====== INFORMATION PROVIDED
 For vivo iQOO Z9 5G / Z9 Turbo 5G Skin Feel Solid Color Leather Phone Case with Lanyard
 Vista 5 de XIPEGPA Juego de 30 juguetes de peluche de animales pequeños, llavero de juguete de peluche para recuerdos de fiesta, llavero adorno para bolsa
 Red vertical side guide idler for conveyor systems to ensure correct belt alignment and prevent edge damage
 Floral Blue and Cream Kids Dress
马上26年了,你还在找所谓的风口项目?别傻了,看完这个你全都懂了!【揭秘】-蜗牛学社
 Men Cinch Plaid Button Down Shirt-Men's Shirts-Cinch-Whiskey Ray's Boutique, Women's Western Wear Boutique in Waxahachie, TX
============
====== INFORMATION PROVIDED
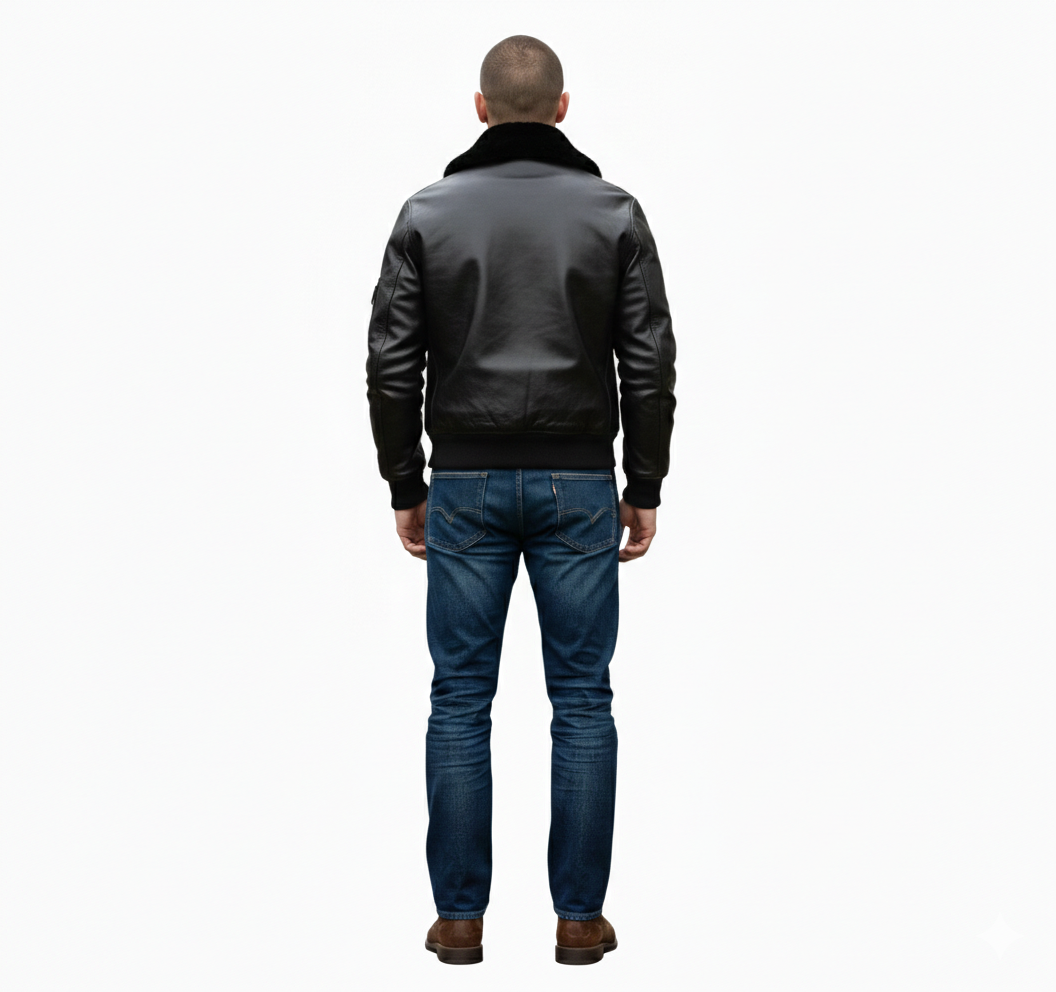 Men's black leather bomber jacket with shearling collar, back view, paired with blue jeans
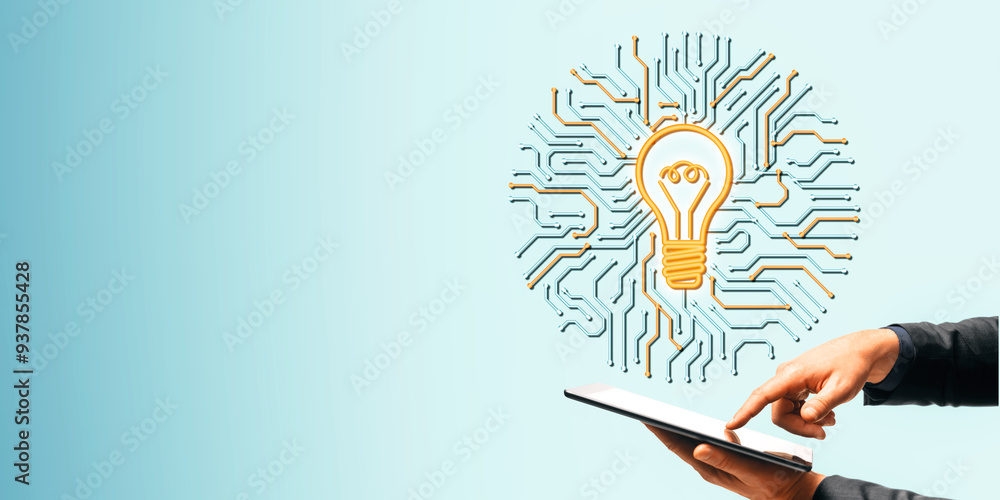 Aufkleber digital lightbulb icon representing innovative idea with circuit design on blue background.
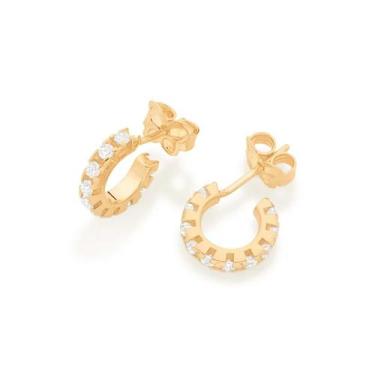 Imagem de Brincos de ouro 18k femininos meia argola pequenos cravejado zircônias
============
====== INFORMATION PROVIDED
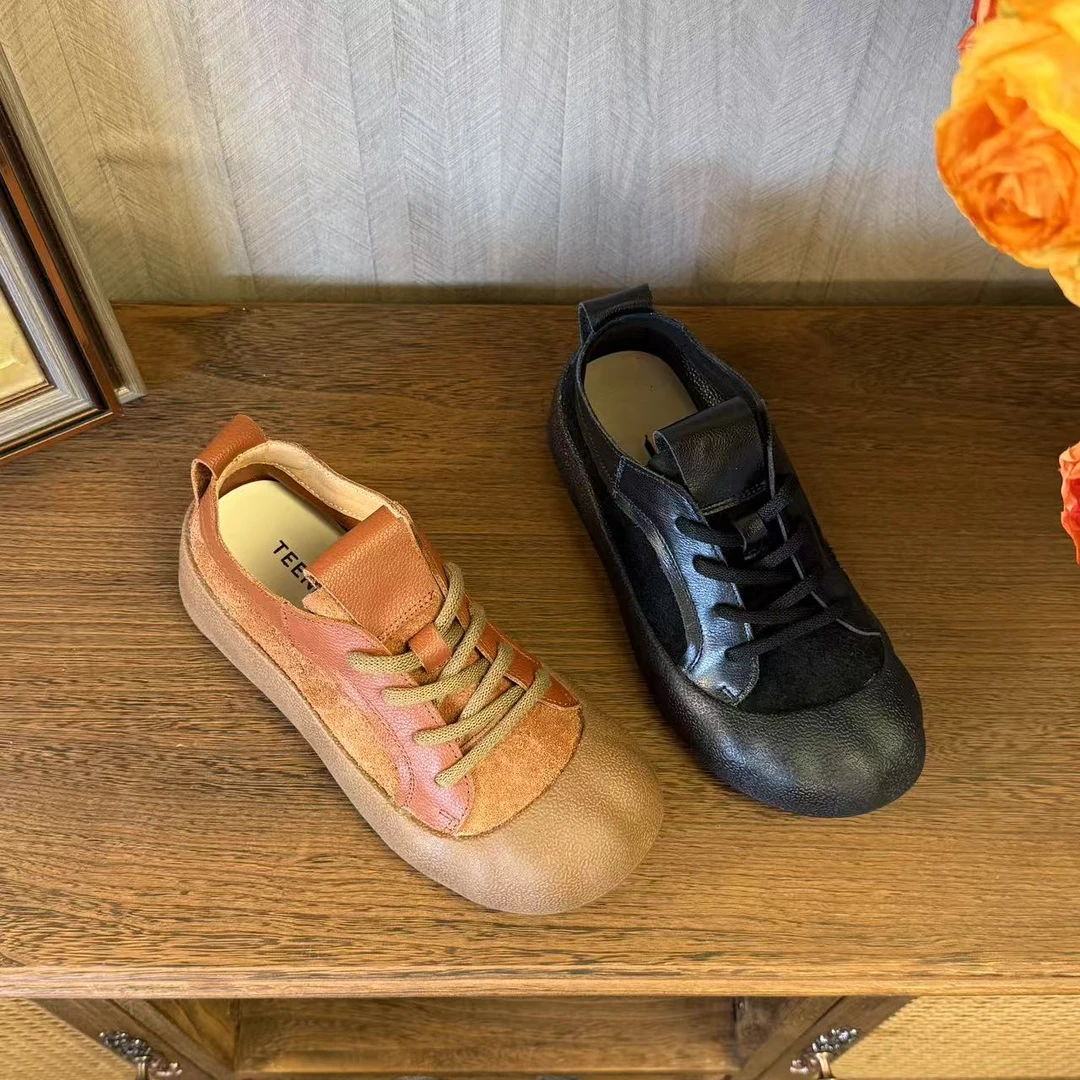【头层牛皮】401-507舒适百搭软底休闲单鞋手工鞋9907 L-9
============
## WORK TASK
Look above for the line with "Vista 5 de XIPEGPA"; retype exactly that line, every line after it up to the line with "Men Cinch Plaid", and that line too, nothing else.

## RESPONSE AREA
 Vista 5 de XIPEGPA Juego de 30 juguetes de peluche de animales pequeños, llavero de juguete de peluche para recuerdos de fiesta, llavero adorno para bolsa
 Red vertical side guide idler for conveyor systems to ensure correct belt alignment and prevent edge damage
 Floral Blue and Cream Kids Dress
马上26年了,你还在找所谓的风口项目?别傻了,看完这个你全都懂了!【揭秘】-蜗牛学社
 Men Cinch Plaid Button Down Shirt-Men's Shirts-Cinch-Whiskey Ray's Boutique, Women's Western Wear Boutique in Waxahachie, TX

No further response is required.